F1 Tilts Engines Back To Combustion Power For 2027 And 2028
Formula 1

F1 Tilts Engines Back To Combustion Power For 2027 And 2028

11 June 2026 3 min readBy F1 Drive Desk (AI-assisted)

Formula 1 has agreed a staged retreat from the 50-50 power split for 2027 and 2028, handing more output back to the combustion engine after Verstappen and Alonso led the criticism.

Key Takeaways

  • 1.The governing body called the plan "a staged rebalancing of Internal Combustion Engine and Energy Recovery System contribution across the 2027 and 2028 seasons," and it will be put to the World Motor Sport Council in Macau on June 23.
  • 2.Fernando Alonso had mockingly branded the 2026 formula a "battery world championship," arguing drivers were nursing their energy rather than attacking.
  • 3.Over the same stretch the internal combustion engine's output rises from 400kW to 420kW and then 450kW on the back of extra fuel flow, while the MGU-K's deployment drops from 350kW to 300kW, albeit with a 350kW "overtake" mode kept in reserve.
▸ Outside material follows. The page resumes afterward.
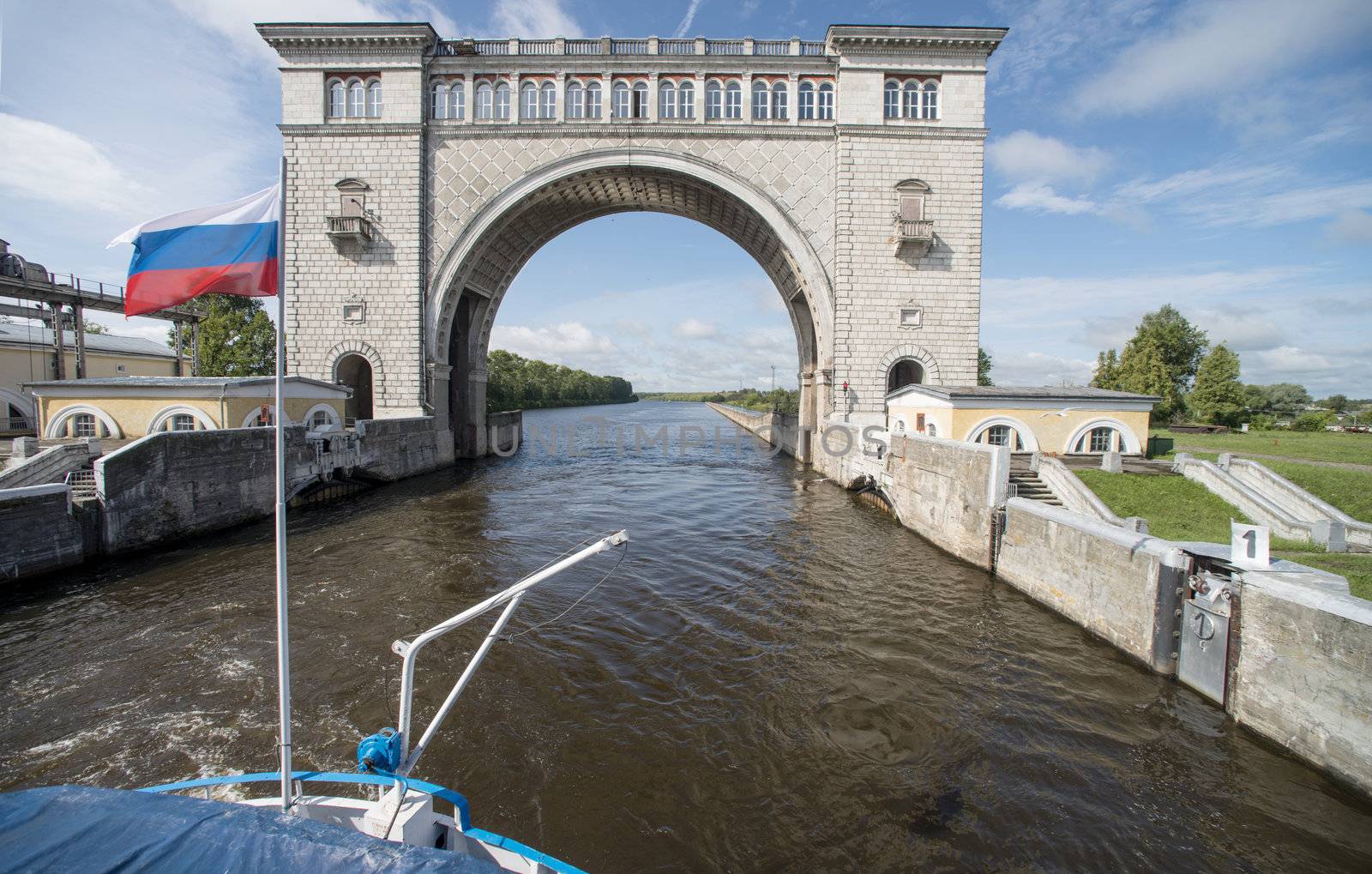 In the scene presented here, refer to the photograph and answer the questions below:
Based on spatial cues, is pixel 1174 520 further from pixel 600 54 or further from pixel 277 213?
pixel 600 54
The political stalemate over Formula 1's power units has finally cracked. The FIA, F1 and the engine manufacturers have signed off on a phased rewrite of the rules that walks the 2027 and 2028 cars back from the divisive 50-50 balance between combustion and electrical power.
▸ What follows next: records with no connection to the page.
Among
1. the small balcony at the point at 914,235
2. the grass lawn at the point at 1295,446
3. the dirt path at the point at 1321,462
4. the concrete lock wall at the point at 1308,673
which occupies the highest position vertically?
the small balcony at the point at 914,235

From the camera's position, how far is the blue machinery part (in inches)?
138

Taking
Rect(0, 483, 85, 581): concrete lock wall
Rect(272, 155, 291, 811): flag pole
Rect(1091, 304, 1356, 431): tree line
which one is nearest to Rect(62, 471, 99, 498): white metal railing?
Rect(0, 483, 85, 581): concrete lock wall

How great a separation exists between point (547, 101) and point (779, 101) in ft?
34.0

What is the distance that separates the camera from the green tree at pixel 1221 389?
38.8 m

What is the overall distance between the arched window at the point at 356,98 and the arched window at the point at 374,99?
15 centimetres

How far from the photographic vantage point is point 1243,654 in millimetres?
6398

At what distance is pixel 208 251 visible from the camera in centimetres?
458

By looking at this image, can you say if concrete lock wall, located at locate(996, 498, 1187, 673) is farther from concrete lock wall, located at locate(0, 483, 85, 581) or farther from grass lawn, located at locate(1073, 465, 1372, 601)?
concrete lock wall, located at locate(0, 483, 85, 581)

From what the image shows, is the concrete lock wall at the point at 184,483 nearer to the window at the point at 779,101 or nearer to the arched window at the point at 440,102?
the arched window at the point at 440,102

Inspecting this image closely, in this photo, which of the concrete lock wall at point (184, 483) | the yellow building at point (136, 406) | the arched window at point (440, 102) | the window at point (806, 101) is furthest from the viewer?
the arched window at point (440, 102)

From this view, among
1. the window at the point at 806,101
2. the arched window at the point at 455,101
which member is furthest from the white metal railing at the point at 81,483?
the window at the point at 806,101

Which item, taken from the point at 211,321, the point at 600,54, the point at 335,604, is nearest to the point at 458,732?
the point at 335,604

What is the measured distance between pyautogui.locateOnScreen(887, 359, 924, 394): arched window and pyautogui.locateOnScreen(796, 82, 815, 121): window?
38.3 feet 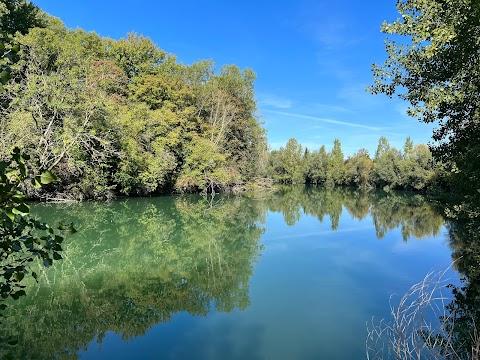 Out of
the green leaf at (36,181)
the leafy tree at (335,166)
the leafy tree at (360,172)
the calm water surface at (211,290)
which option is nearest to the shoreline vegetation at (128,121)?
the green leaf at (36,181)

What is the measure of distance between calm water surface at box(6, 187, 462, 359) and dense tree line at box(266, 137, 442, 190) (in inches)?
1705

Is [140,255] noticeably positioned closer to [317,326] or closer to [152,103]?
[317,326]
Crucially, the shift arrives in stages rather than all at once. The combustion-to-electric ratio is set to move from 53/47 in 2026 to 58/42 in 2027, then 60/40 in 2028. Over the same stretch the internal combustion engine's output rises from 400kW to 420kW and then 450kW on the back of extra fuel flow, while the MGU-K's deployment drops from 350kW to 300kW, albeit with a 350kW "overtake" mode kept in reserve. The governing body called the plan "a staged rebalancing of Internal Combustion Engine and Energy Recovery System contribution across the 2027 and 2028 seasons," and it will be put to the World Motor Sport Council in Macau on June 23.

Max Verstappen, the man whose exit threats hung over the entire debate, greeted the outcome with measured approval rather than celebration.

"It's definitely heading into a very positive direction. I think it's the minimum I was hoping for," Verstappen said. "I just want a good product in Formula 1, and that will for sure improve the product."

He was far from alone in his grievances. Fernando Alonso had mockingly branded the 2026 formula a "battery world championship," arguing drivers were nursing their energy rather than attacking. The revised figures are meant to cure precisely that, giving the cars more to lean on through the corners and down the straights.

For the FIA, the deal is evidence the sport can correct course on its own. "Formula 1 has always evolved to meet new challenges and seize new opportunities," president Mohammed Ben Sulayem said. "These proposed changes reflect the collaborative work taking place across the sport to ensure the regulations continue to support exciting racing, technological innovation and long-term sustainability."

Others are bracing for the haggling still to come. McLaren chief Zak Brown backed the appetite for change but cautioned that the hardest negotiations lie ahead. "I think there's a good consensus that changes still need to happen," he said. "I'm encouraged that there will be, but then everyone's going to arm wrestle over specifically what those are." He urged rivals to look past their own interests: "People need to park their personal agendas, what they think might make it more competitive or less competitive, and all collaborate."

Red Bull's Laurent Mekies, who runs Verstappen's team, wanted the matter closed for good rather than relitigated season after season. "I think we should fix it once and for all and not have this as a recurring topic," he said.

Because the manufacturers are already committed to their 2026 hardware, none of this alters the current title race, where Kimi Antonelli holds a commanding lead. Yet after a winter dominated by Verstappen's threats to walk and Alonso's withering verdicts, simply settling on a direction feels like a meaningful step.